I snapped this picture at a job I was on a couple of days ago. Is this the new eastern arc dish? The bracket holding the LNB's said "Dish 1000.2"; I was thinking the EA dish was a 1000.4. The location of this is on the GA/FL line, about 15 miles from my house, and my dish looks nothing like this. I think mine says 1000.2 on the dish itself.

Sorry the pic is so big; I uploaded it from my cell phone directly to a server.


----------



## HDftw (Jul 12, 2008)

This looks like the 1000.2, my neighbor has one of these.


----------



## brant (Jul 6, 2008)

yes the bracket said 1000.2. 

i have a 1000.2 also but it does not look like this. the LNB is a one piece unit. 

maybe three separate LNB's is less expensive; possibly it allows them to be more versatile and have one part produced instead of several different types?


----------



## garys (Nov 4, 2005)

Dish used to put covers over two of the lnb's to make it look like one bigger one.


----------



## Jason Whiddon (Aug 17, 2006)

I have a 1000.2 I bought recently that says turbohd, but the lnb is not separated like that.


----------



## 34Ford (Jul 3, 2004)

Looks like tri adapter made for 3 separate lnb's. One way to use up those old singles laying around.
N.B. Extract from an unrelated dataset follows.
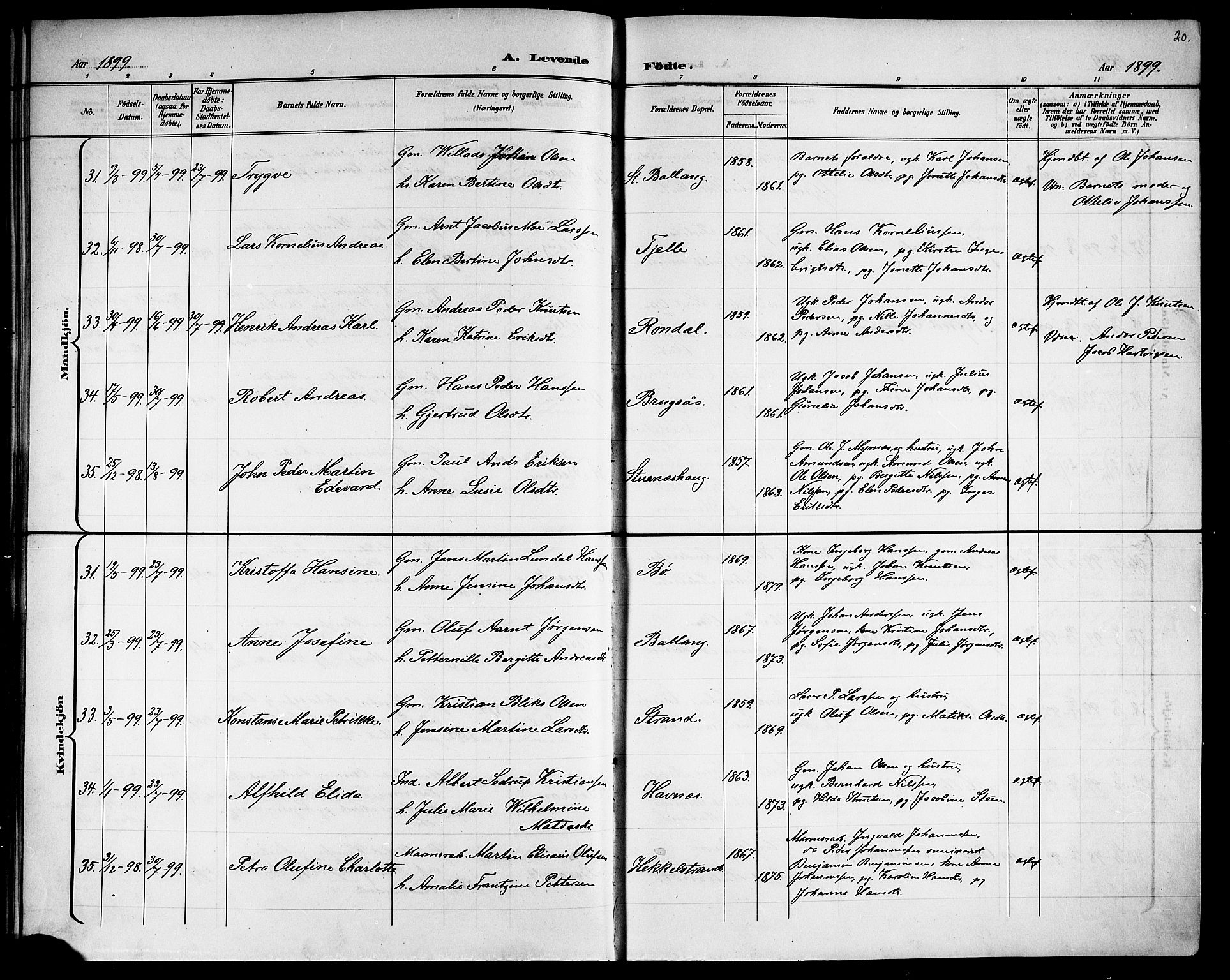 Ministerialprotokoller, klokkerbøker og fødselsregistre - Nordland, AV/SAT-A-1459/863/L0915: Parish register (copy) no. 863C05, 1898-1907, p. 20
Notice the arm is rectangle and not D shaped. 

The installer probably used this to use up spare parts.


----------



## Jason Whiddon (Aug 17, 2006)

The middle one looks screwy


----------



## CABill (Mar 20, 2005)

A 1000.2 can use the integrated switch with 3 fixed LNBs or replace the integrated switch with 3 individual LNBs connected to external switches. The integrated version can't be used with DISH Pro switches (only DPP) so if someone already had DP34 switches and two coax runs to a dual tuner receiver, it would probably be less expensive to use individual LNBs and the existing DP34(s). The W bracket for the individual LNBs (could even be legacy LNBs feeding a SW64) is specific to the 1000.2 and isn't interchangable with other W brackets (rectangular / D already mentioned).

There is an Install Guide for the 1000.2 at http://www.sadoun.com/Sat/Products/Dishnetwork/Dishes/Dish-1000point2.htm. The "Quick facts" link on that page would cover it with less reading.


----------



## scoobyxj (Apr 15, 2008)

Thats a 1000.2 with a "W" bracket on it. More than likely they had an old Super Dish that had been equipped with a 129* repoint kit, and it got damaged somehow. Sense we don't install Super Dishes anymore they get replaced with the 1000.2 with a "W" bracket.

Actually if you look closely where the reflector is bolted to the skew plate it appears that this one is bent as well.


----------